In nature, Thiol/disulfide cycle plays an important role in thiol-based redox regulation and maintaining protein structure. However, little is known about how oxygen mediates the thiol/disulfide cycle under protein confinement. The main challenge is lacking real-time analysis techniques to track individual thiol/disulfide cycles in a confined space with a controllable local oxygen environment.
Recently, Professor Long and Professor Ying’s group developed the advancing nanopore single-molecule measurement instruments and the analytical approaches for studying single-molecule reaction.In this study, they utilized a mutant aerolysin nanopore to monitor the reversible thiol/disulfide cycle inside the glove box with the home-designed high-bandwidth weak current measurement system. By combining experiments with kinetic calculations, they discovered that confined local O2 could induce proton-involved, oxygen-induced disulfide bond cleavage. The negatively charged neighboring microenvironment facilitates disulfide bond cleavage, which plays a vital role in redox signaling and reactions. This instrument is proved to accurately measure reaction processes in complex solutions, providing new insight into redox reactions in life processes.
At first, this work monitors the kinetic process of thiol/disulfide cycles in protein nanopores at different oxygen concentrations. The experimental results showed that there was no significant change in the formation rate of disulfide bonds, while its bond breaking rate significantly decreased as the dissolved oxygen concentration decreased from 6.3 mg/L to<0.1mg/L (+50 mV) (Figure 1). Kinetic calculations show that the rate constant of oxygen-mediated disulfide bond formation in the protein nanopore reactor is 106 times higher than that in the macroscopic solution system under dissolved oxygen concentration of 6.3mg/L, which is equivalent to the rate constant of thiol oxidation in thioredoxin.

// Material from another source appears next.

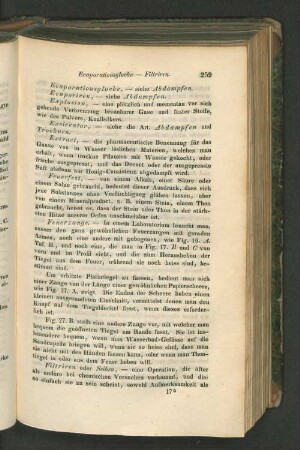 Evaporationsglocke, - siehe Abdampfen. Evaporiren, - siehe Abdampfen. Explosion Exsiccator, - siehe die Art. Abdampfen und Trocknen. Extract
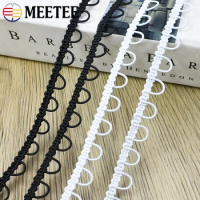 10/20m Meetee U-Wave LaceTrim Ribbon Centipede Braided Lace Band Curved Edge DIY Sewing Wedding Dress Buttonhole Cloth Accessory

This result confirms that the protein-confined environment can effectively improve the chemical reaction rate.
Figure 1 Nanopore experiments of the K238C Ael reacting with GSH in an N2 glove box.

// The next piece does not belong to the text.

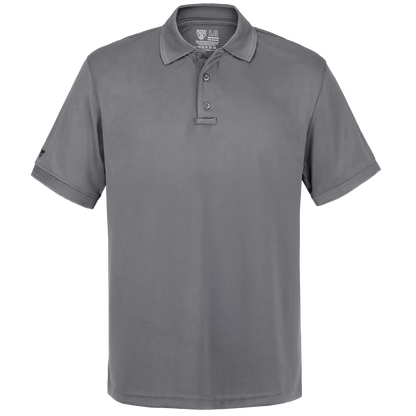 Product shot of a gray Flying Cross LG men's performance polo shirt showcasing its three-button placket and short sleeves against a blurred background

Furthermore, the reaction rates constant of the thiol-disulfide cycle under different voltages was obtained using this instrument. The kinetics data under the in situ protein confinement was obtained by fitting the rate constants of each step in the thiol-disulfide cycle at 0 mV. It was found that oxygen and protons participated synergistically in the cleavage process of disulfide bonds under protein confinement. A new oxygen-mediated disulfide bond cleavage reaction pathway was proposed, and the reaction order of this process was calculated at the single-molecule level (Figure 2). Under the guidance of this mechanism, a novel G234C Aerolysin nanopore reactor was constructed by removing negatively charged amino acids to the protein reaction site, which exhibited a nearly 40-fold decrease rate constant of oxygen-mediated disulfide bond cleavage (Figure 3).
Figure 2 Probing the oxygen-mediated thiol/disulfide cycles in protein confinement.
Figure 3 The dynamics of thiol/disulfide bond cycle inside the G234C Ael nanopore.
The nanopore single-molecule chemical reaction measurement device with a controllable reaction environment and the atmosphere is expected to accurately measure reaction processes in complex solution systems, providing a new method for revealing the principle of redox reactions in chemical reactions and life processes.